EXERCISE | Omit every picture and output the rest of the records exactly as they are.

RECORDS SUPPLIED |
- - - -
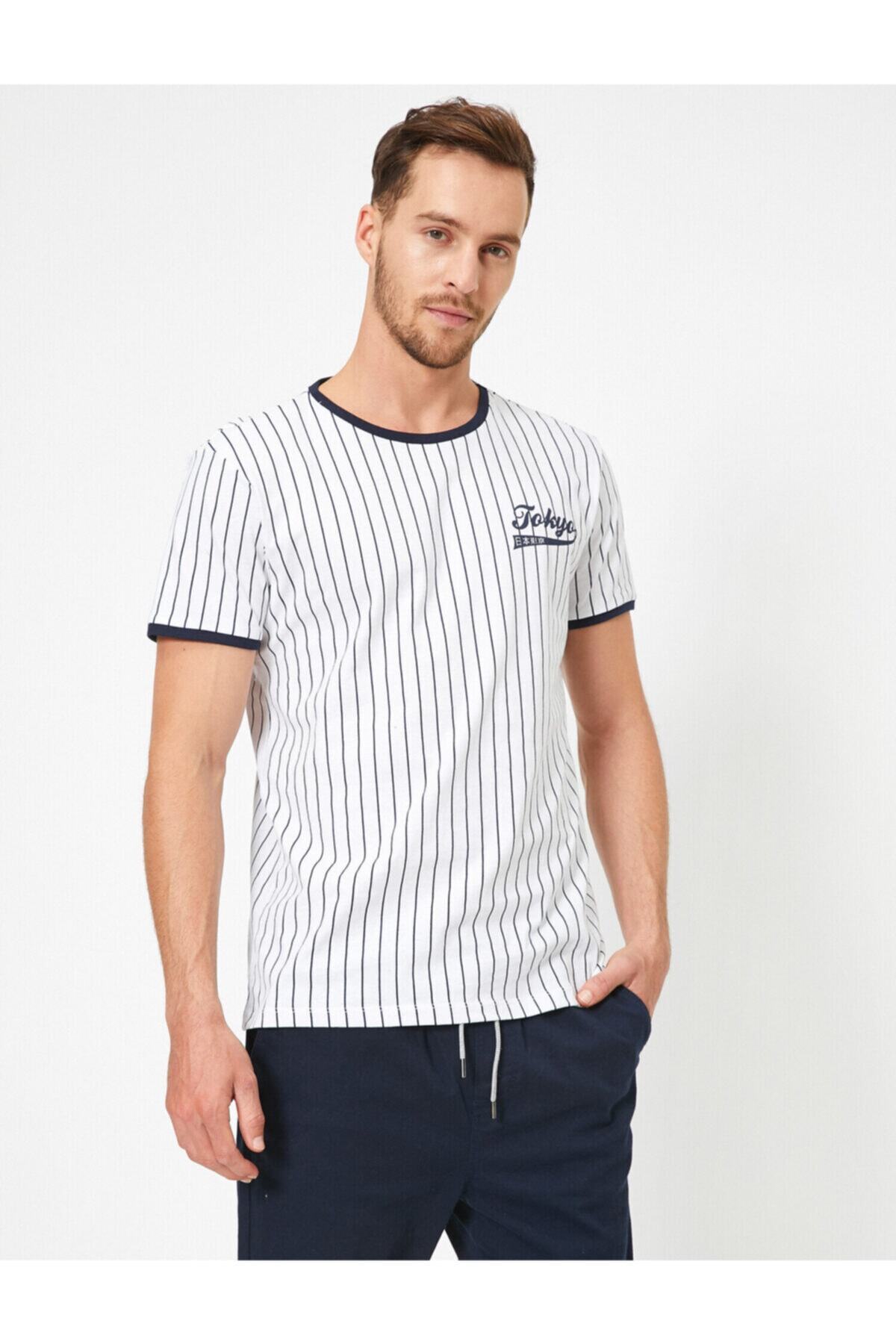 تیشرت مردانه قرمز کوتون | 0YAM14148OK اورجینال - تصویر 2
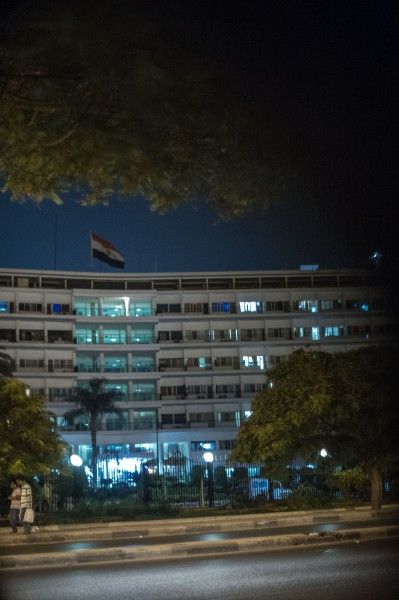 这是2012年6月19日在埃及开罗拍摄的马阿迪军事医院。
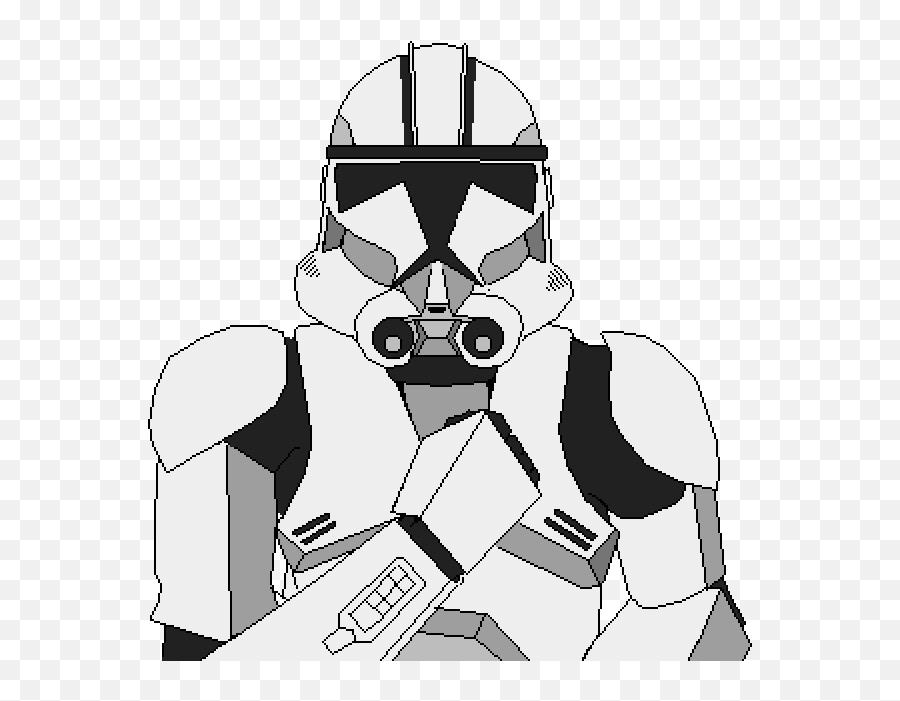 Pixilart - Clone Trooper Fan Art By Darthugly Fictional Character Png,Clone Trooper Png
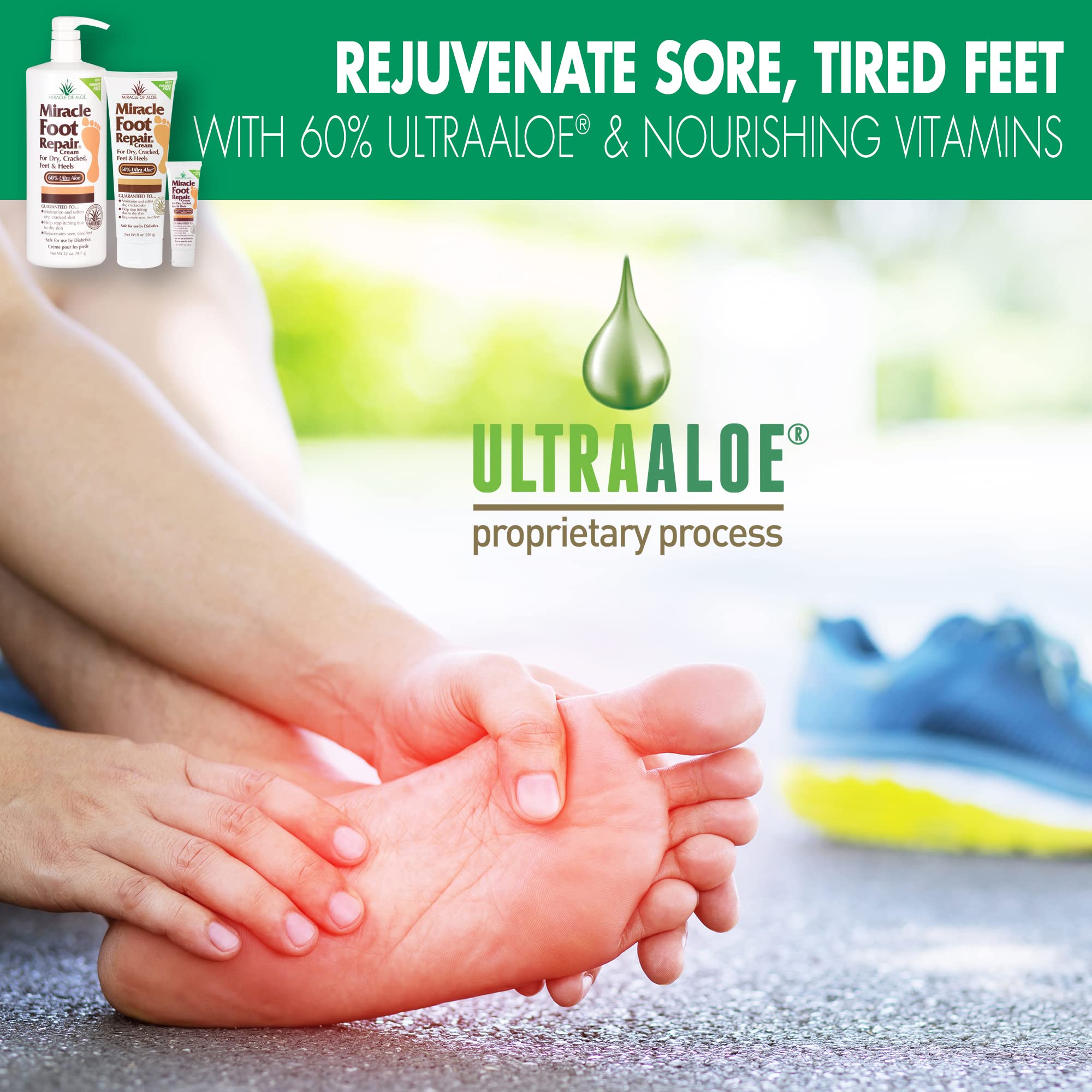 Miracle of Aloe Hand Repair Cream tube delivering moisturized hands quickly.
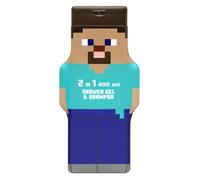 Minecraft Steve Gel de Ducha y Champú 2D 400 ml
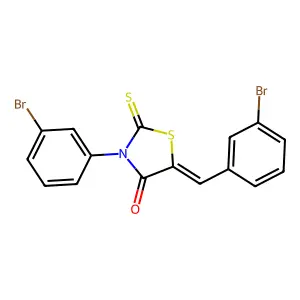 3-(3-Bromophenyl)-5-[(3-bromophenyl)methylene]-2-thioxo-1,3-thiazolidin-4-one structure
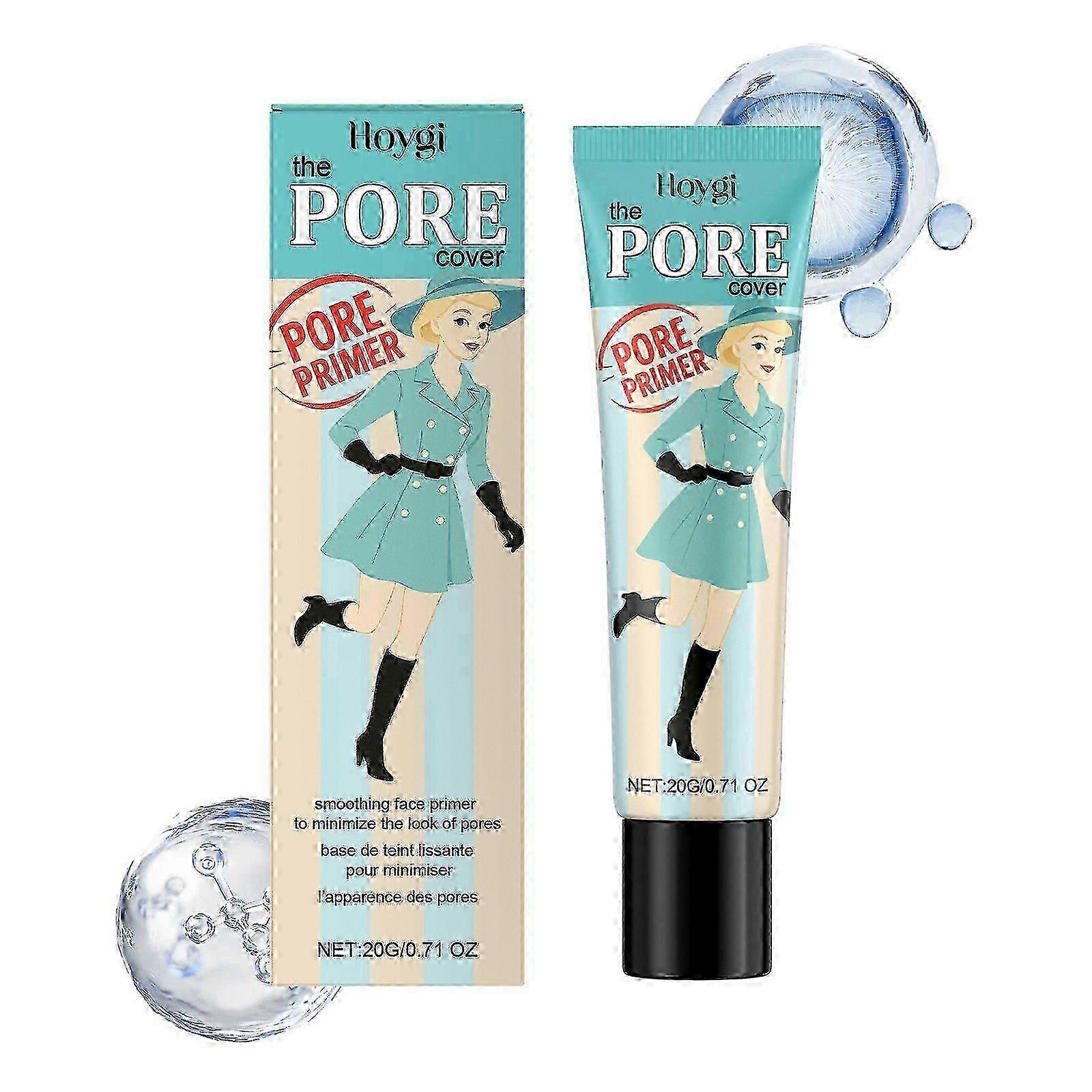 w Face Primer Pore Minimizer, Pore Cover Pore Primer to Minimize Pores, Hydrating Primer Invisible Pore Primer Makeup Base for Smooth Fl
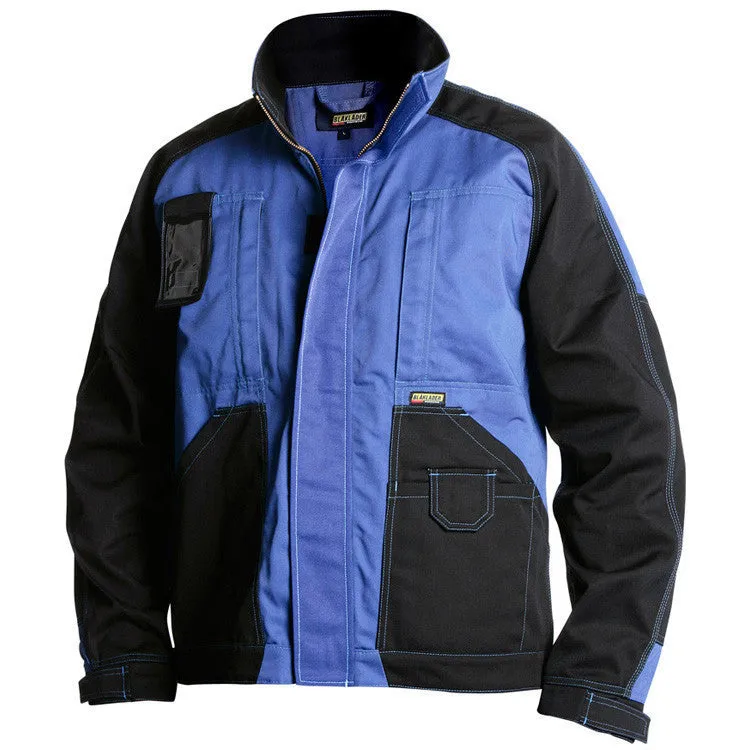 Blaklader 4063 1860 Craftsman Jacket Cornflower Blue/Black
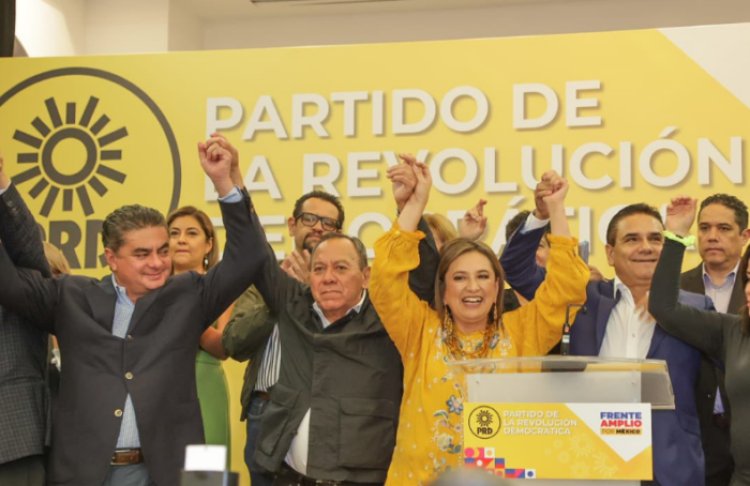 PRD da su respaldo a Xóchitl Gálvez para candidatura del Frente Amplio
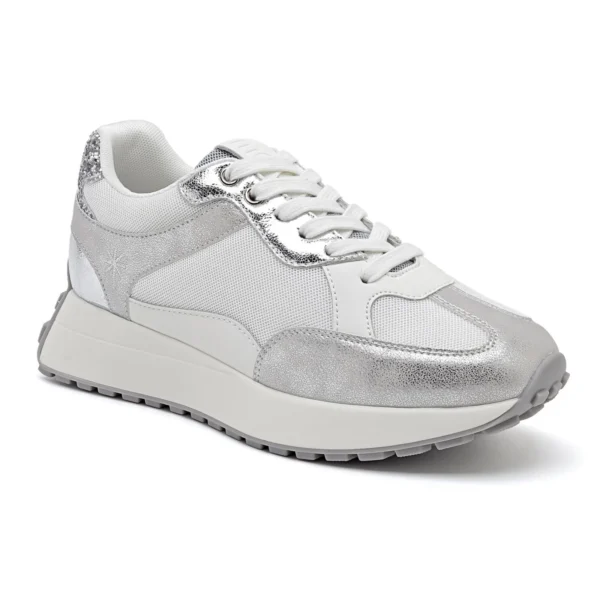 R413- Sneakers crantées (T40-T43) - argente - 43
- - - -
RESULT |
 تیشرت مردانه قرمز کوتون | 0YAM14148OK اورجینال - تصویر 2
 这是2012年6月19日在埃及开罗拍摄的马阿迪军事医院。
 Pixilart - Clone Trooper Fan Art By Darthugly Fictional Character Png,Clone Trooper Png
 Miracle of Aloe Hand Repair Cream tube delivering moisturized hands quickly.
 Minecraft Steve Gel de Ducha y Champú 2D 400 ml
 3-(3-Bromophenyl)-5-[(3-bromophenyl)methylene]-2-thioxo-1,3-thiazolidin-4-one structure
 w Face Primer Pore Minimizer, Pore Cover Pore Primer to Minimize Pores, Hydrating Primer Invisible Pore Primer Makeup Base for Smooth Fl
 Blaklader 4063 1860 Craftsman Jacket Cornflower Blue/Black
 PRD da su respaldo a Xóchitl Gálvez para candidatura del Frente Amplio
 R413- Sneakers crantées (T40-T43) - argente - 43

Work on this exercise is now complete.